Labour day is observed the world over in remembrance of a historical labour struggle by US industrial workers. It was back in 1886 when workers in Chicago revolted against inhumane work conditions and a score of them were killed in police firing.
Since then, the day is observed every year to remember the struggle of those workers who rendered their lives while seeking just treatment at workplaces. As a result of this historical mobilisation of workers the right to have the workday regulated to no more than eight hours was accepted. In 1919, the International Labour Organisation (ILO) was established under the League of Nations and later became the first specialised agency of the United Nations. The very first standard it set was the eight-hour workday or 40-hour workweek.
A lot has changed in the world since then. However, there is a little improvement in working conditions in Pakistan. Informality of labour relations, long working hours, low wages, poor health and safety arrangements, absence of social protection and lack of unionisation characterise labour in the country.

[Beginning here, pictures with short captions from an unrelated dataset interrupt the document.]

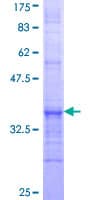 Human ACOX3 Protein (Recombinant GST, N-terminus)
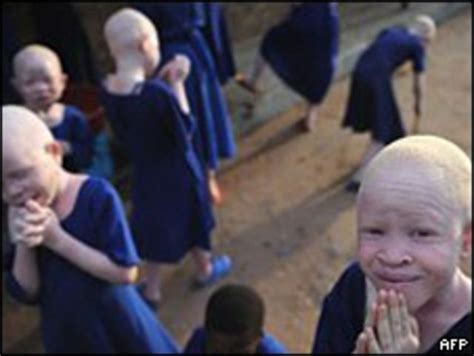Tanzania Detenido Por Intentar Vender A Un Albino BBC News Mundo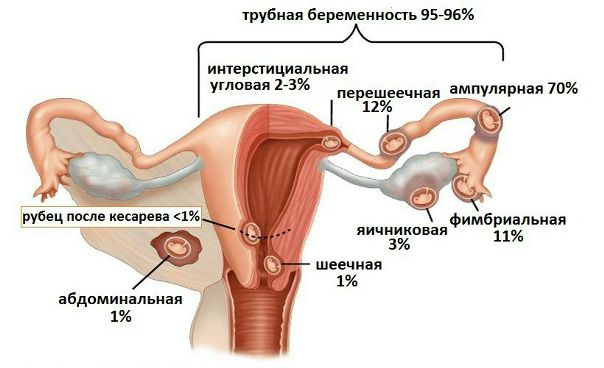 Трубная беременность 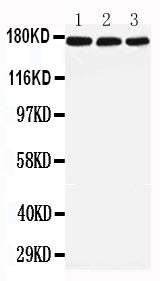 Anti-LRP5 Antibody Picoband® Boster Bio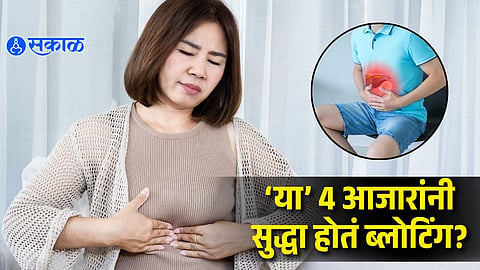 Person experiencing stomach bloating with digestive health illustration highlighting possible medical conditions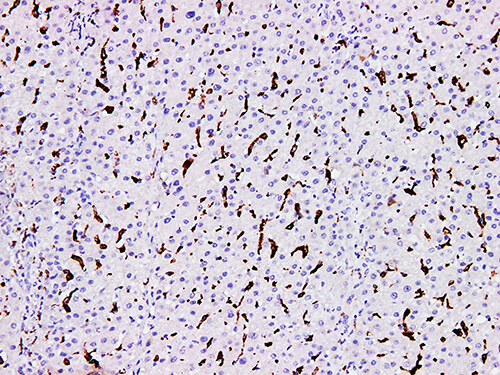 CD163 Monoclonal Antibody (ELAB6146-M)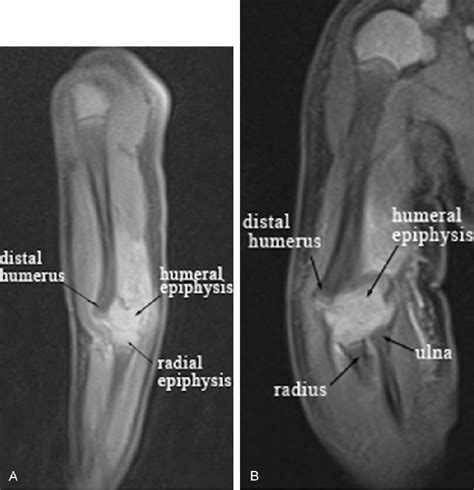 Figure 2 From Neonatal Distal Humeral Physeal Separation During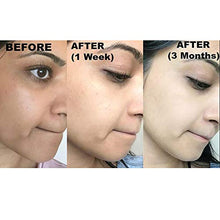 Load image into Gallery viewer, Original Kojie San Facial Beauty Soap - 100g, 3 Bars Per Pack - Guaranteed Authentic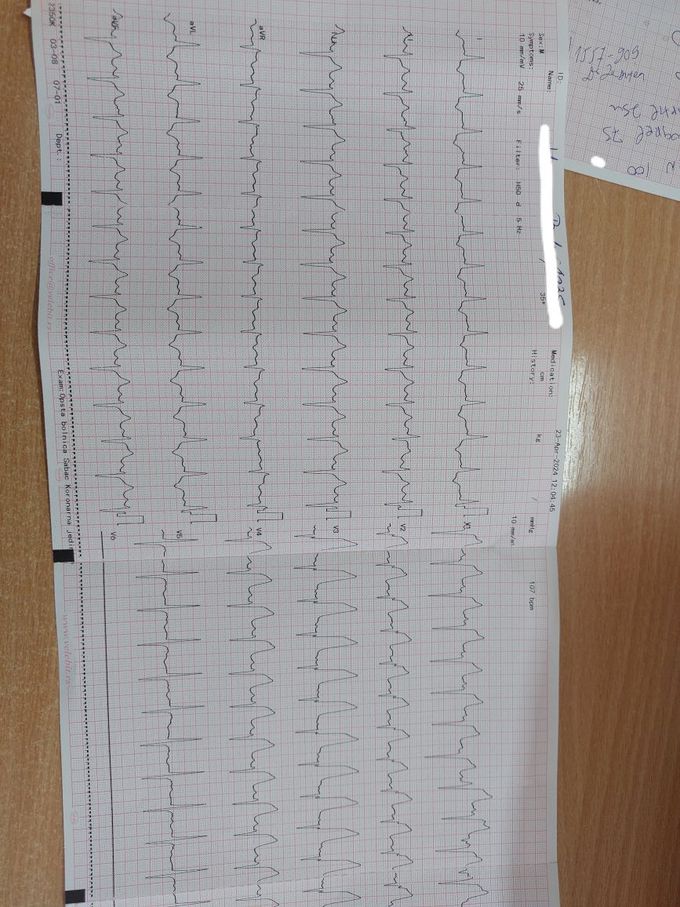 Ekg -STEMI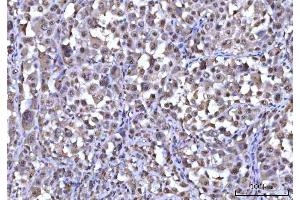 IHC analysis of RNF34 using anti-RNF34 antibody (ABIN7602457). (RNF34 Antikörper  (AA 46-372))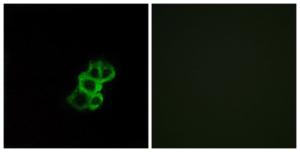 Immunofluorescence analysis of MCF7 cells using Anti-OR8B4 Antibody. The right hand panel represents a negative control, where the Antibody was pre-incubated with the immunising peptide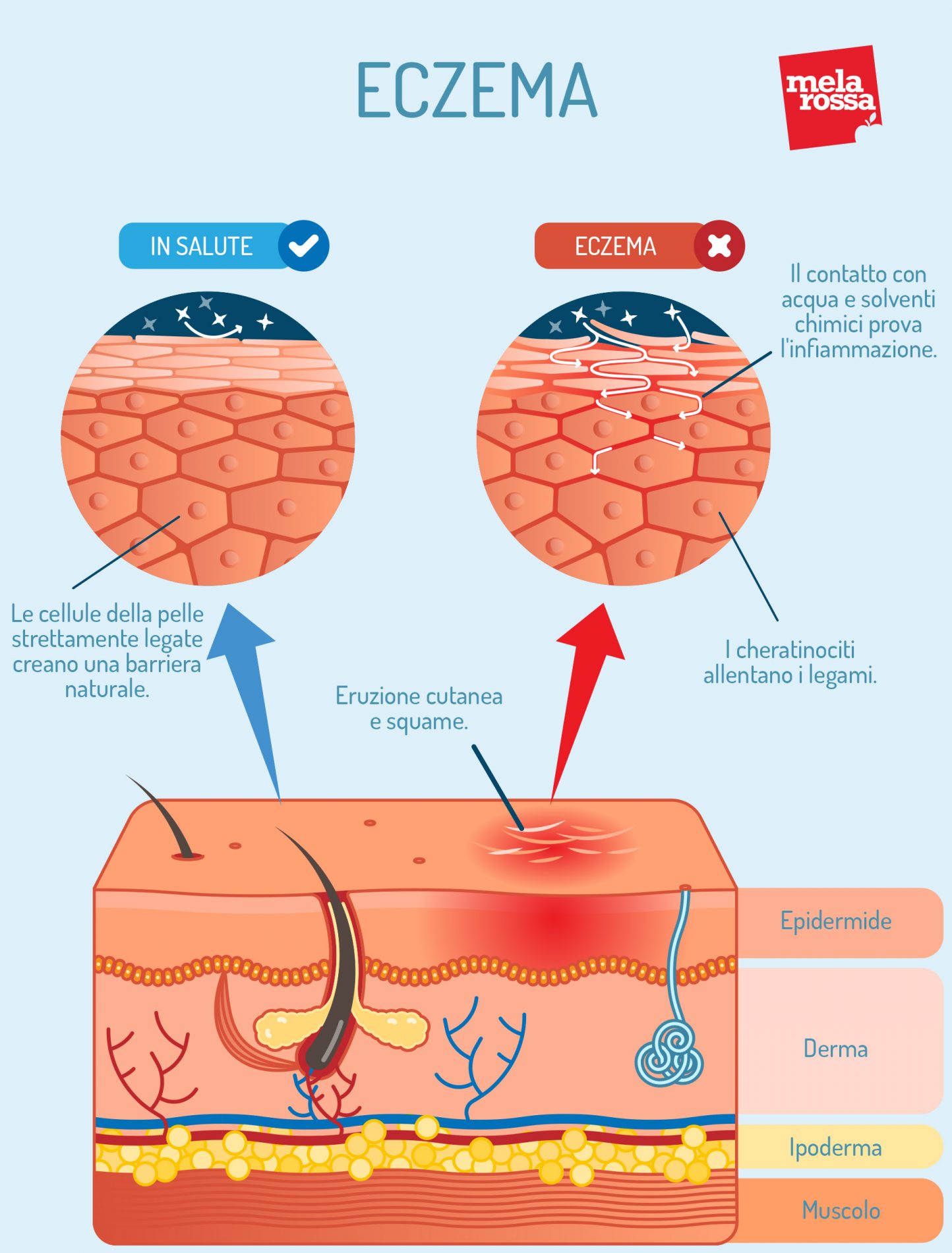 Eczema: cos'è, tipi, sintomi, cause, diagnosi e cura 1 Eczema: cos'è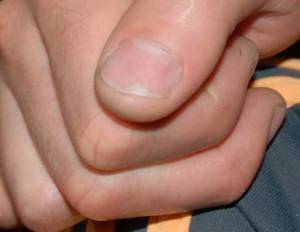 Naturnagel mit beschädigtem Nagelbett Kann man das entfernen in Nagelkrankheiten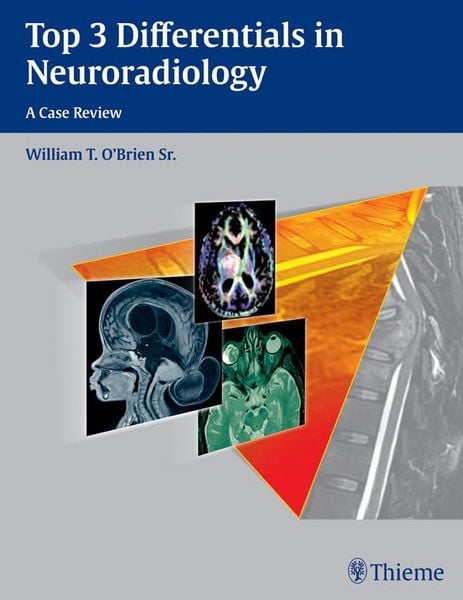 Produktbild: Top 3 Differentials in Neuroradiology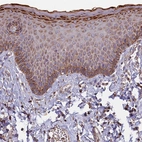 Immunohistochemical staining of human skin shows moderate cytoplasmic granular positivity in squamous epithelial cells.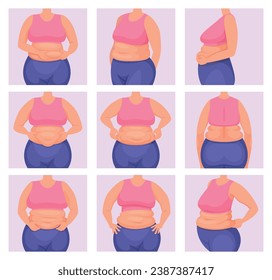 Fat torso. Belly body of fat woman exact vector pictures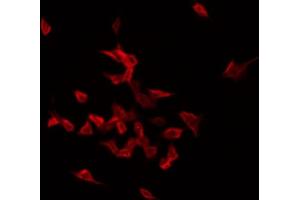 ABIN6272428 staining Hela by IF/ICC. (Septin 1 antibody  (Internal Region))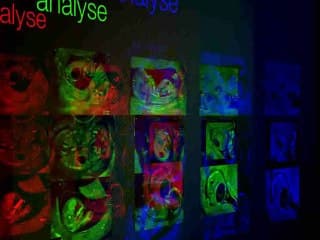 1er trimestre Images liquidiennes intra-abdominales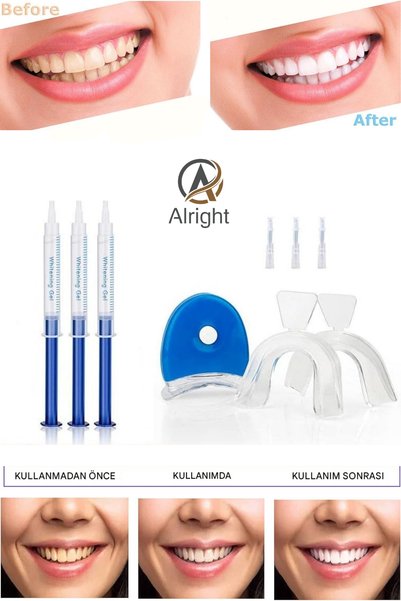 Alright Hızlı Etkili Diş Beyazlatma Seti Aktif Diş Beyazlatma Cihazı ve Şırınga Seti (teeth whitening)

In essence, labour issues are imbalances of political power.
The Global Slavery Index ranks Pakistan among the top six countries in the world where labour bondage is rampant and over three million people are compelled to work under slavery-like conditions.
Though labour conditions in many countries are not ideal and there is still a need for urgent measures to comply with international labour standards, the question of workers’ self-agency has become a central point in the labour discourse.
The issue of labour rights is actually an issue of political power imbalance—capital at one end and a large number of vulnerable workforces at the other. Given powerful interests’ greed for profit maximisation, compliance with labour rights has slipped off the list of priorities of governments and employers. Governments across the world have bowed before corporate power. So it is in Pakistan too, where the declining capacity of state enforcement mechanisms have left millions of workers vulnerable to exploitation.